EXERCISE REQUIREMENTS:
Pull out the lines from the one containing "INGCO Кусачки боковые" through the final line of the listing below and repeat them exactly. Leave the pictures behind.

DATA RECORDS:
★ ★ ★ ★ ★ ★ ★

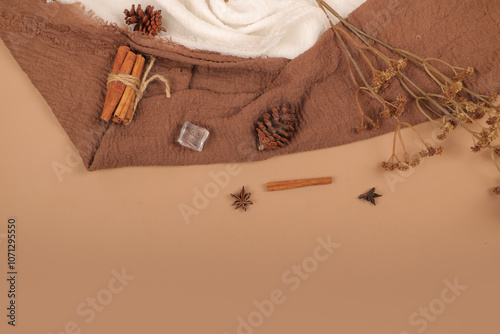 Rustic Background with Cinnamon Sticks, Pinecones, and Star Anise on Neutral Fabric photo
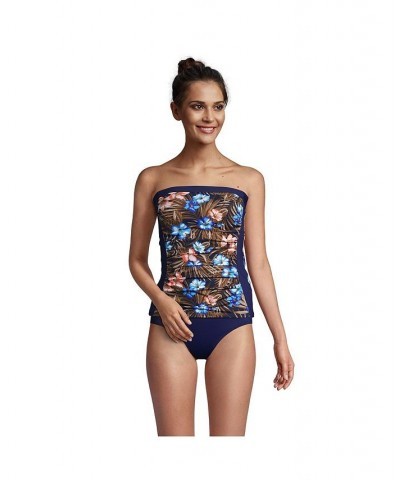 Women's Long Bandeau Tankini Swimsuit Top with Removable Adjustable Straps Deep Sea Navy Tropic Palm $47.40 Swimsuits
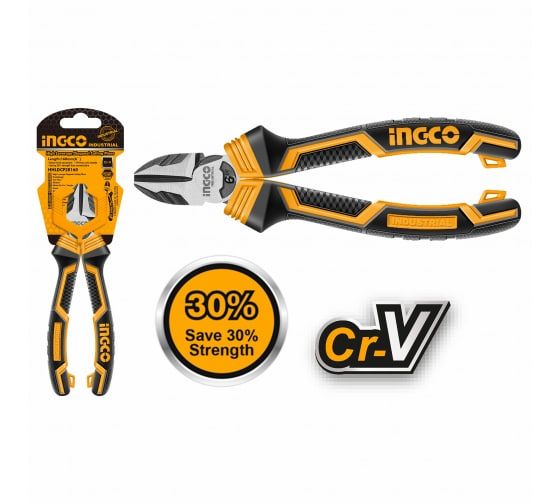 INGCO Кусачки боковые с увеличенным рычагом INDUSTRIAL 180мм 7" Cr-V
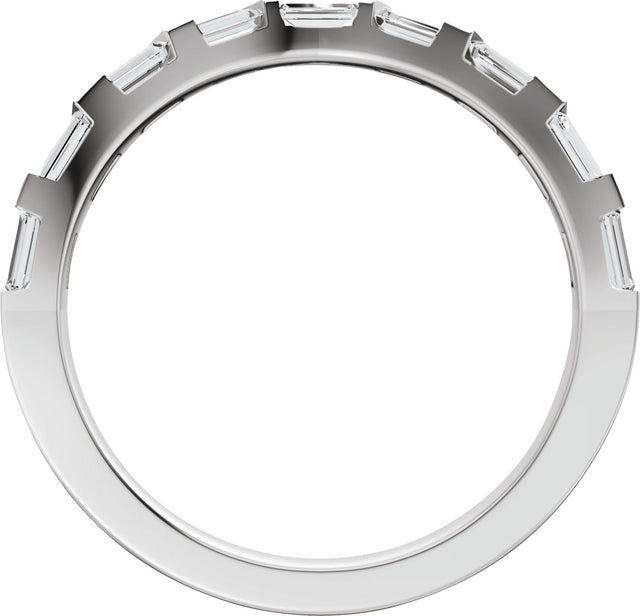 Platinum Straight Baguette Lab-Grown Diamond Contour Band - 3/8 CTW - view 2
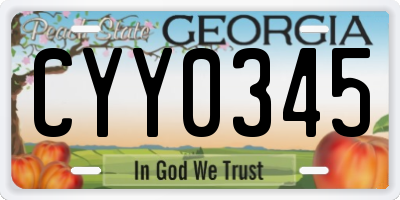 GA license plate CYY0345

★ ★ ★ ★ ★ ★ ★

ANSWER TO THIS TASK:
 INGCO Кусачки боковые с увеличенным рычагом INDUSTRIAL 180мм 7" Cr-V
 Platinum Straight Baguette Lab-Grown Diamond Contour Band - 3/8 CTW - view 2
 GA license plate CYY0345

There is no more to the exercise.